No importaba el contexto ni la ocasión. La voz de Julio María Sosa Venturini expresaba en sus formas, en su registro a veces grave, a veces sufrido, razones sociales que el corazón entendía. Que no era esa rebeldía explícita o inteligente, de afluente yupanquiano, sino que era un sentido no necesariamente dicho, corporal, sobrio pero gestual, sobreentendido, cinético. Allí están como prueba sus versiones de “Cambalache”, “Al mundo le falta un tornillo”, “Azabache”, “Rencor”, “En esta tarde gris”, “Nada”, “Cuesta abajo”, “Confesión”, “La cumparsita”, “Uno” y “Barrio pobre”, entre muchos otras. Allí está su paso por la creación poética mediante Dos horas antes del alba, libro que expresa vivencias, angustias, sueños y vacíos personales a través de 24 poemas.
También su atrevimiento compositivo a través del tema “Seis años”. Sus incursiones en el cine (Buenas noches, Buenos Aires, de su amigo Hugo del Carril), en las radios nac & pop de entonces (El Mundo, Belgrano y Splendid); por la TV, como figura central de los programas Copetín de tango, Casino o Luces de Buenos Aires. Y su intrepidez cuando en los albores de los ’60 se fue de la orquesta de Pontier, donde había cantado durante cinco años, para jugársela como solista, y se sirvió del bandoneón de Leopoldo Federico con el fin –tal vez– de doblegar el fervor de las superfluas pero masivas nuevas olas.

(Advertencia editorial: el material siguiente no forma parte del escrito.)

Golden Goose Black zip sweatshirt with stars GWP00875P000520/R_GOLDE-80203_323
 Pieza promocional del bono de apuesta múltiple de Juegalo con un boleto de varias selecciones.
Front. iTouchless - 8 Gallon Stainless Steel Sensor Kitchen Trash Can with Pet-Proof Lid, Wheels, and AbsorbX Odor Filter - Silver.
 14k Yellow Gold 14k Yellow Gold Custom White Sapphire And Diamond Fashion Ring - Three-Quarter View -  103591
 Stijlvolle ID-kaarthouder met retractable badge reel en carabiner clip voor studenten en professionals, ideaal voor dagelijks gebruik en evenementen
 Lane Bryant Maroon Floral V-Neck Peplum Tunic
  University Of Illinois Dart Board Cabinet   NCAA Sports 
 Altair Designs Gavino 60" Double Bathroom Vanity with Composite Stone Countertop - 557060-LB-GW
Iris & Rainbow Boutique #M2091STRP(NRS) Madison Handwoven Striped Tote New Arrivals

Para grabar 62 temas e instalarse definitivamente en el vapuleado imaginario tanguero del período.
El último tango que cantó (“La gayola”) probó que la realidad pocas veces es casual: “Estoy contento de que la dicha a vos te sobre / voy al campo a laburarla / juntaré unos cuantos cobres / pa’ que no me falten flores / cuando este dentro del cajón”. Se había estrellado tres veces con el vehículo de su otra pasión (los autos) y la última, la de su DKW Fissore alemán, fue la vencida. Demasiada velocidad para la lentitud urbana de entonces... Julio Sosa, el Varón del Tango, dejó un disco inconcluso para la CBS con sólo dos temas grabados (“Milonga del 900” y “Siga el corso”) y una impronta de cantor amado por el pueblo que, por genuino y creíble, aún perdura.